Athletes have combined track and football careers going back to the days of Jim Thorpe. Thorpe, the decathlon winner at the 1912 Olympics, was a collegiate football star who went on to play professionally. At the 1952 Games in Helsinki , Ollie Matson won a bronze medal in the 400m and a silver in the 4x400m relay. A standout football player at the University of San Francisco, Matson went on to an All-Pro NFL career. In 1984 Michael Carter took a silver medal in the shot put at the Los Angeles Olympics. Six days later, he was playing in his first pro football pre-season game with the San Francisco 49ers. Carter, who still holds the national high school shot put record, went on to play in three Super Bowls.

This week's NIC features at least five key entries who carry on the tradition of excellence in football and track.

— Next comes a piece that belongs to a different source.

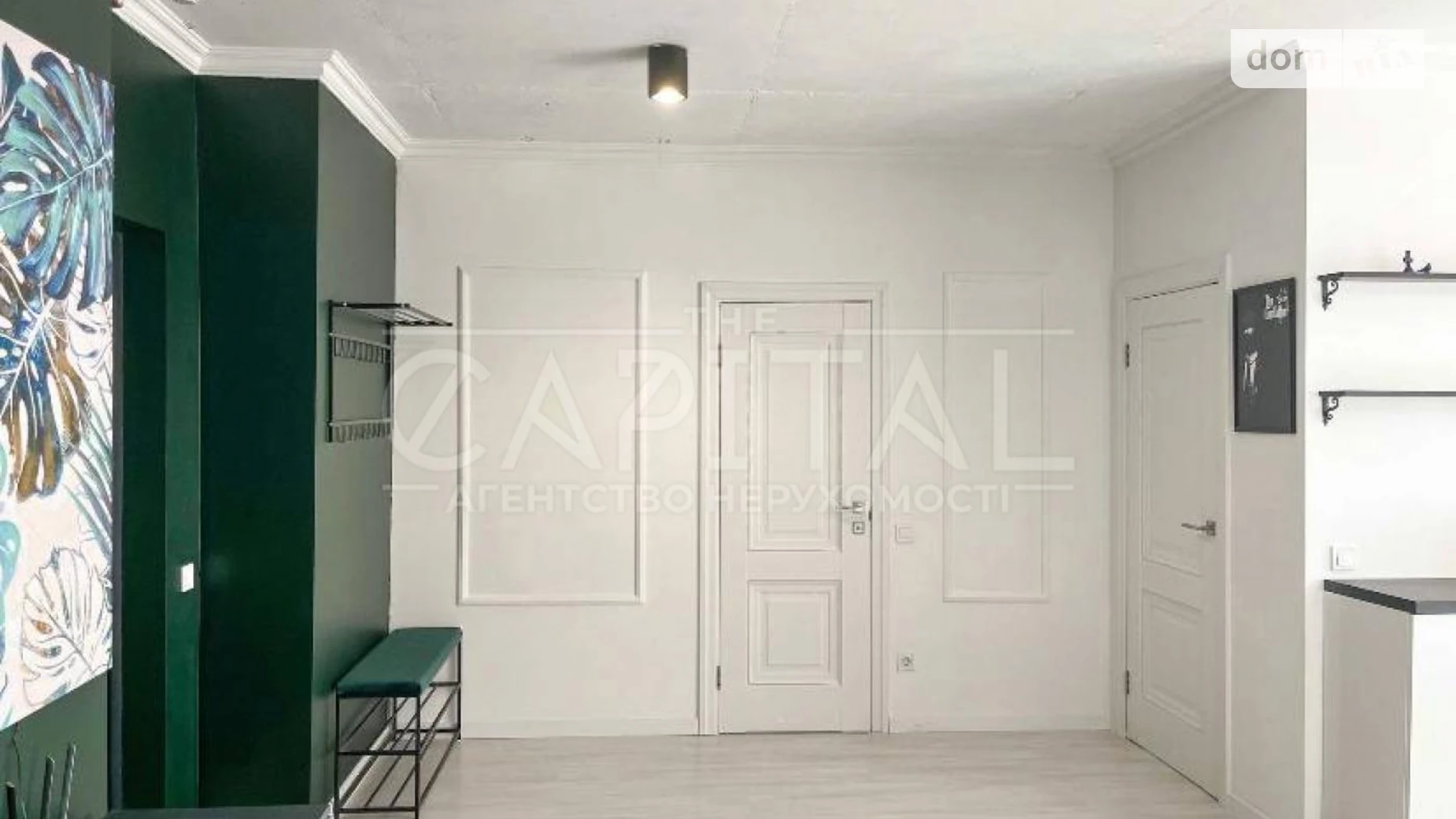 Продается 2-комнатная квартира 81 кв. м в Киеве, цена: 132000 $ - фото 5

Leading the way is Ted Ginn of Cleveland 's Glenville High School , who was the 2003 Defensive Player of the Year on the All- USA Today Football Team. At the January 3 U.S. Army All-American Bowl in San Antonio, the 6-foot-1, 170-pound Ginn returned a kickoff 98 yards for a touchdown. He turned down scholarship offers from Michigan, Michigan State, Ohio State, Pittsburgh, Southern California and Wisconsin to attend Ohio State. Ginn finished fourth in the 60m hurdles at last year's NIC and won the 110m hurdles at the adidas Outdoor Championships in Raleigh. His time of 7.33 for the 55m hurdles tops the U.S. high school lists.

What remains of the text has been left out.